Water is our lifeline. In fact, most of the human body is made up of water. So, then, water is our lifeline because it is also a significant part of us.
Water is the molecular formula H20--meaning two hydrogen atoms for every oxygen atom. Hydrogen can, in theory, exist as a single atom--but in reality is found in the molecular formula H2. It quickly bonds with other atoms to produce various compounds. Meaning, it's quick to partner with other elements (except metals).
The other molecular component of water, oxygen, is required in all life forms as it is used in cellular respiration (with the odd exception). Cellular respiration, radically simplified, is the creation of energy and the release of waste at the cellular level. In other words, as far as the body is concerned, anything that is not producing power is waste. (More on this later, perhaps in another chapter.)
Water, the major constituent of fluids in living things, co-exists in three forms: solid, liquid, and gas. Although there is an observable difference in their physical manifestations, all three forms are still water. We don't question this, but accept it as a natural (and scientific) truth.
So, we must drink water to live. We can collect potable water from springs and rivers indefinitely; its water is sourced from rock below the ground. (Lake water is potable and, despite their often large size, lakes are temporary bodies of water.) A spring is a small source which can sustain the individual and their family, or a relatively small community. A river, however, has greater capacity for renewal because it is vast.

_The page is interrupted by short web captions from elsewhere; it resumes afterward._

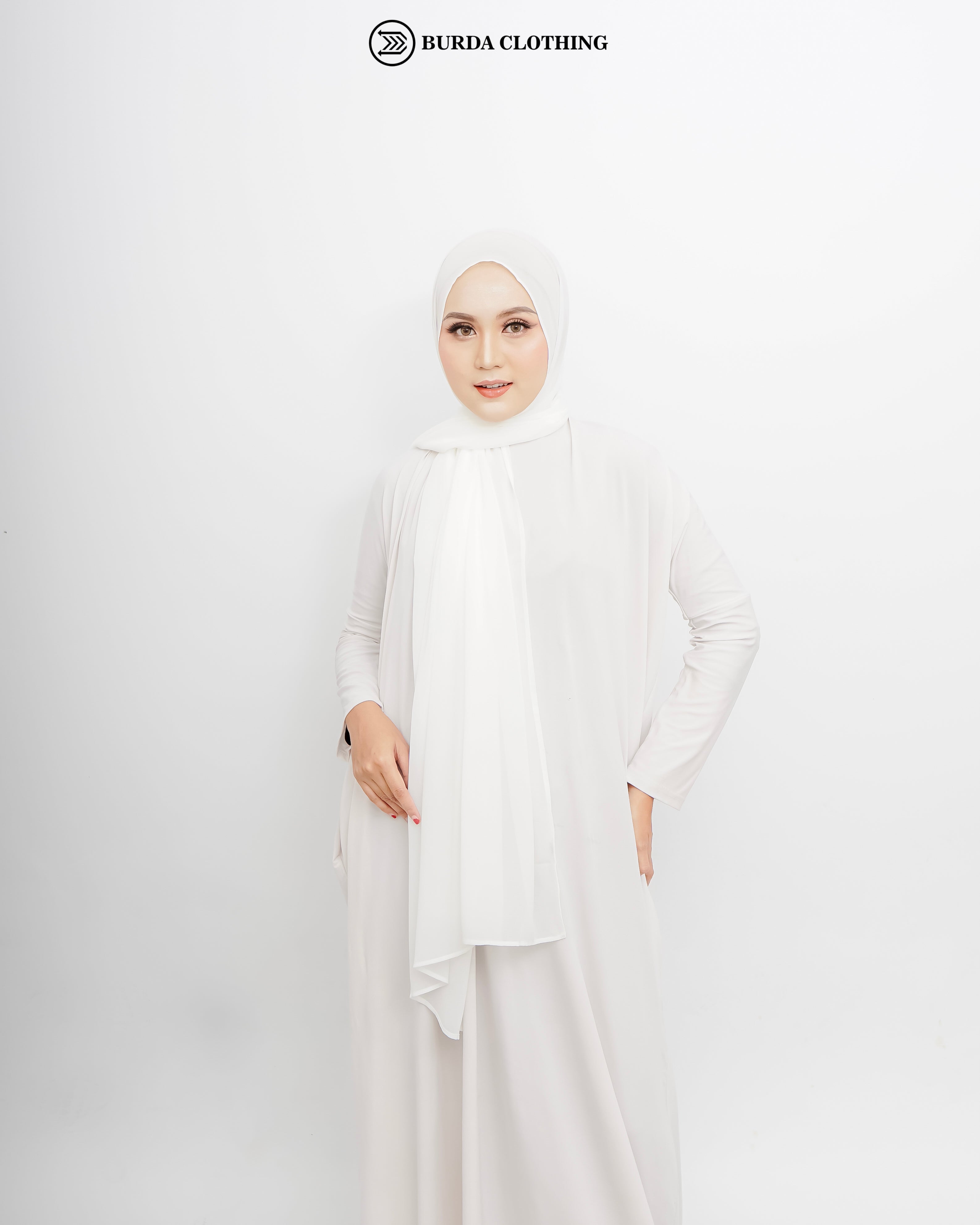 Chiffon Hijab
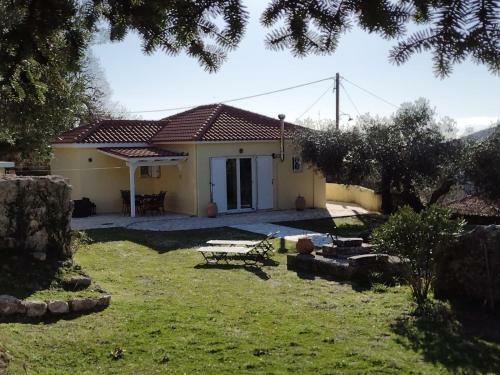 Villa Epanochori Mountain View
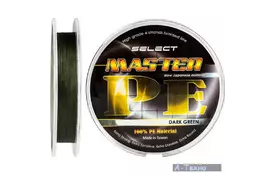 Шнур Select Master PE 150m 0.24мм 29кг (1870.01.78) - Фото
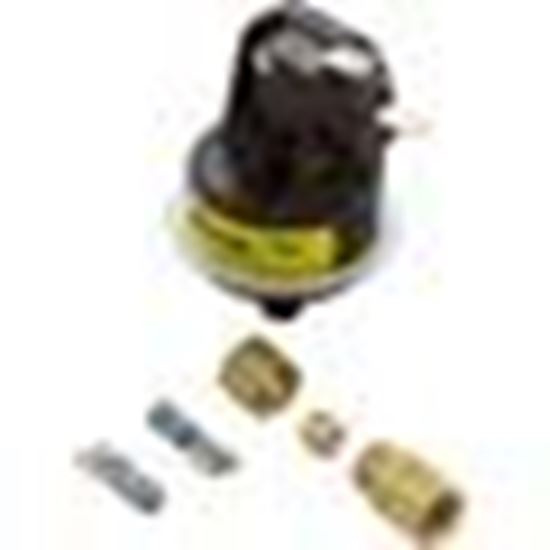 Picture of Pressure Switch, Raypak Versa/Gemini/RP2100 062237B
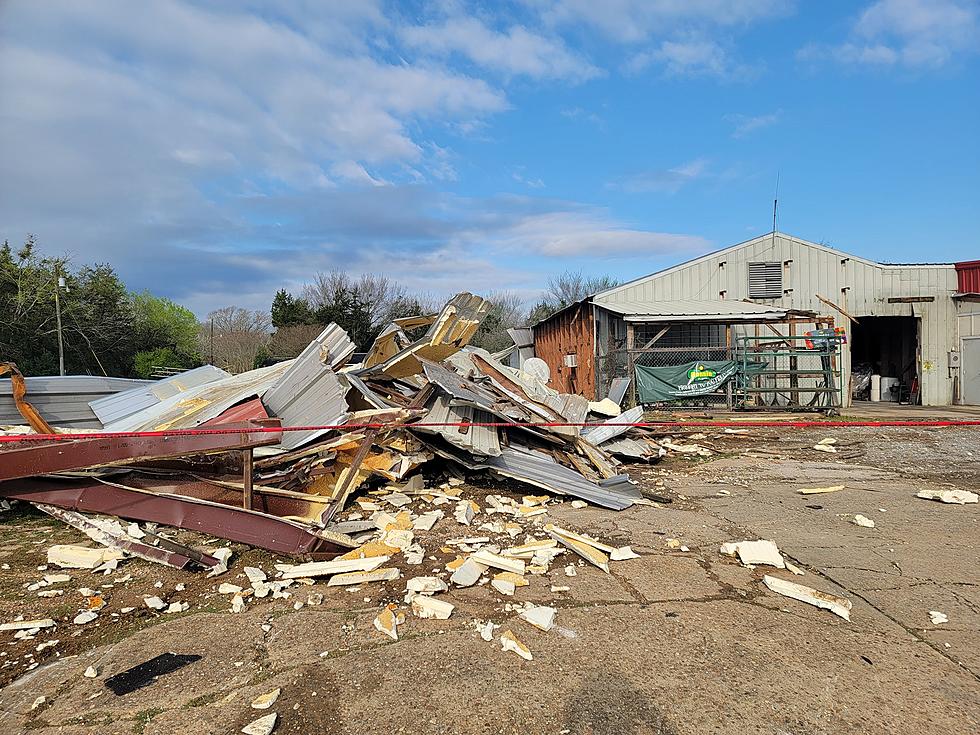 Rebuild Fund Started For Faunsdale, Alabama After Storm Damage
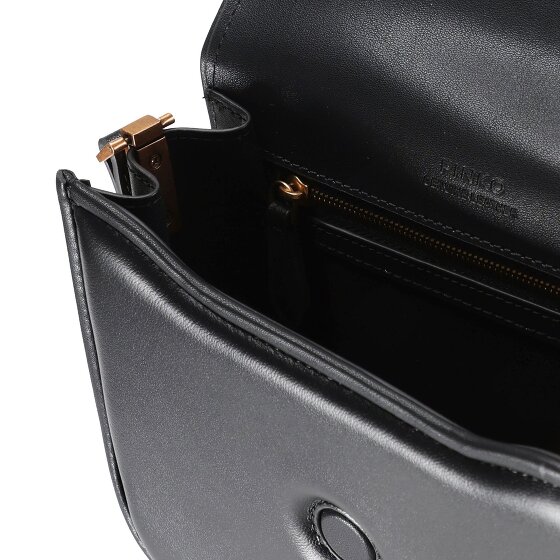 PINKO Love Box Umhängetasche Leder 20 cm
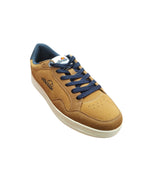 Ellesse Sneakers Uomo Marroni Scamosciate Casual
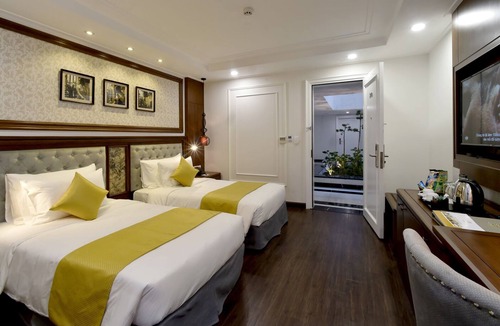 Hanoi Hotel | Garco Dragon Hotel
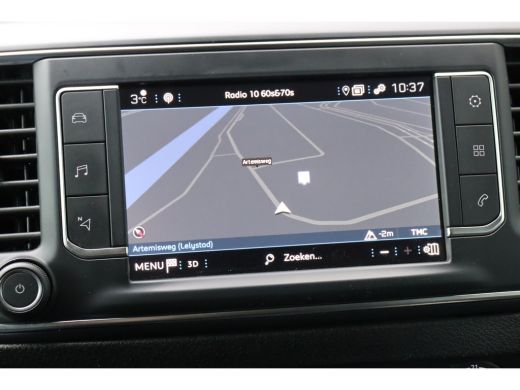 Peugeot Expert 2.0D 180PK L3H1 DC LONG ASPHALT AUTOMAAT / NAVI / AIRCO / LED / PDC / 17" LMV / CAMERA / AFN. TRE... ActivLease financial lease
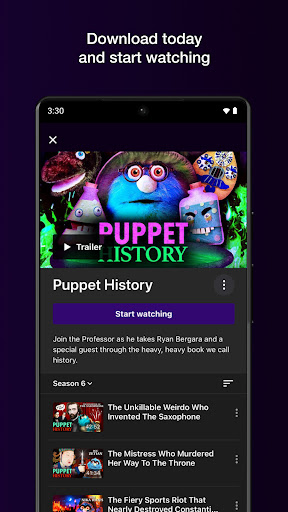 WatcherTV apk última versão  8.503.1 screenshot 1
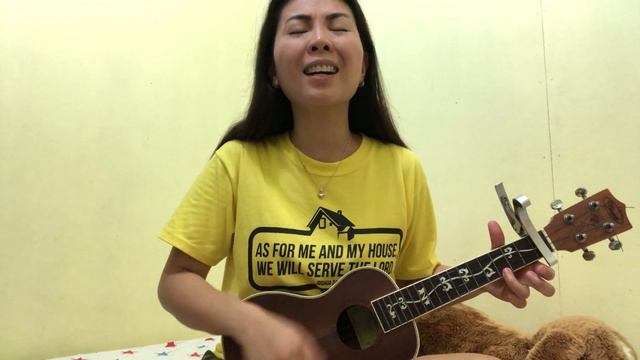 Lilim Ukulele Cover | Victory Worship смотреть онлайн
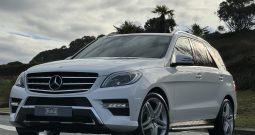 Mercedes-Benz Ml 350 Cdi 4 Matic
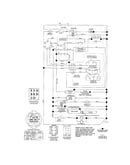Schematic diagram-tractor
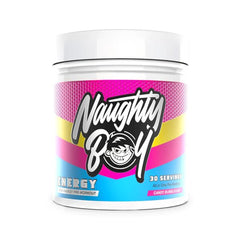 Energy, Candy Bubblegum - 390 grams | Naughty Boy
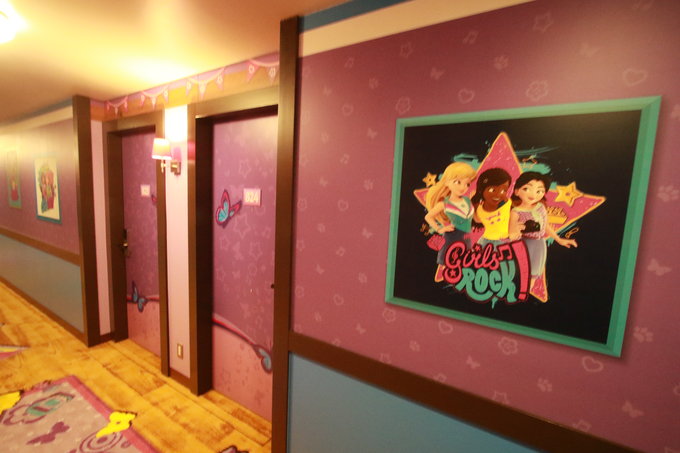 名古屋乐高旅游,名古屋乐高酒店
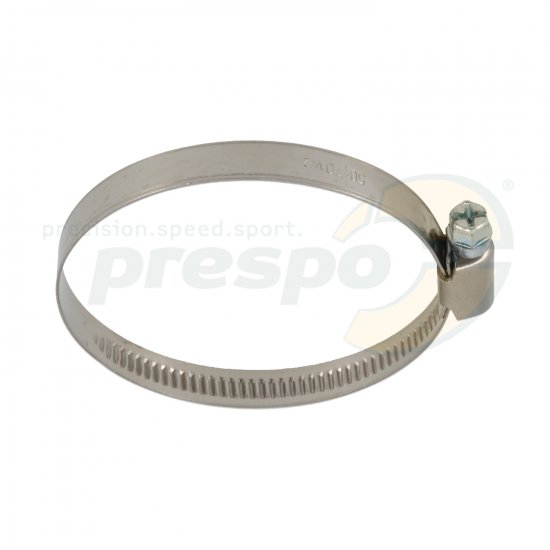 Bild 1 - hose clamp for noise filter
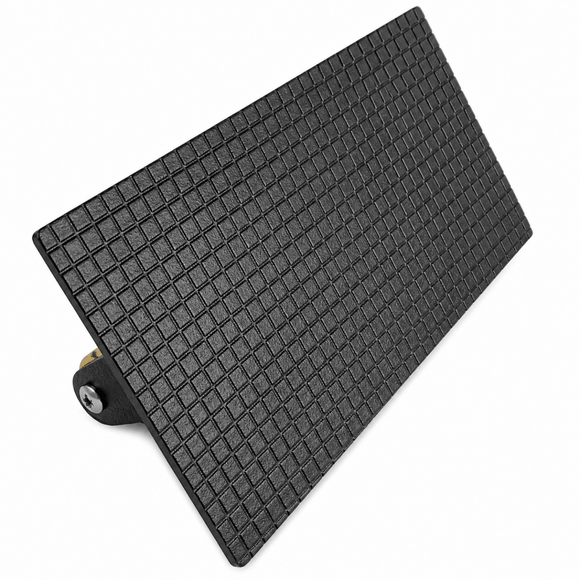 Cast Iron Steak Weight Press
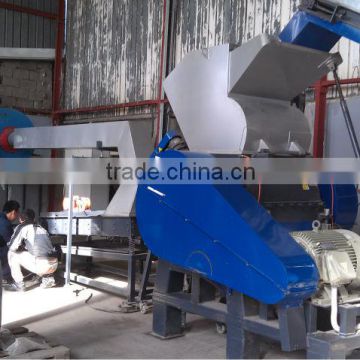 Copper wire crusher equipment manufactory, electrical cable crushing recycling machines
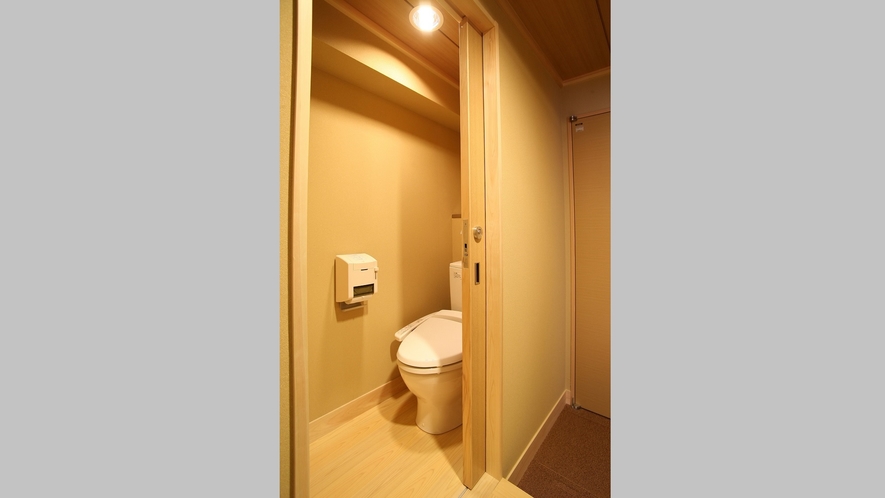 ◆和室８畳　トイレ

It seems there is a spiritual significance here: water is metaphor for Holy Spirit. We know any branch which does not bear evidence of being connected to the water source will be cut off. Spiritually speaking, a spring must be differentiated from a river. A spring of water blesses you and those close to you; it is water within you which "wells up to eternal life." Perhaps this is accomplished through one's transformed life, or ability to heed God's word. A river of water, though, blesses others. This distinction was made during a time of feasting and celebration. Those who are spiritually dead are still invited to drink. But this invitation doesn't end at drinking for yourself. It is in the deeper work of yielding your heart to the Lord, that place of being transformed and corrected and loved, that rivers of living water may flow forth.
I imagine this as being stranded on a tropical island, surrounded by ocean. The hot sun is beating down on me, so I take a sip of ocean water. It's refreshing at first, but isn't really satisfying. Walking, I happen upon a table with multiple glasses of fresh water. Curious, I take a tall glass and drink it. Perhaps I had never known that kind of freshness, that pure, sustaining and living water, could even exist. So, totally excited, I drink down another glass. Then another. Then another.
Now I look up ad notice behind the table is a massive expanse of fresh water. I can't see where it begins, nor can I see where it ends. I also can't exactly explain with my human mind how it supersedes the ocean because all along I thought I was a self-sufficient individual on my own little island. But I now know the body of fresh water exists, and I want to get in so it can just consume me.
There's just one condition. I need to remove my dirty, sweat-soaked clothing before I get in. Doesn't matter how much of a good person I am. I still have to abide by that one condition. Many of us stop here because it's easier to either A) go in with our dirty clothes anyways and not come into the fullness of the blessing, or B) avoid going in altogether. Or, C) remember those lakes? Fresh water that won't last? I can even choose to go there. But its source is not rock, so its effects are temporary.
Perhaps we need to be reminded of the promise of restoration for our tired, weary souls. There's no special formula. All we have to do is call out to our lifeline.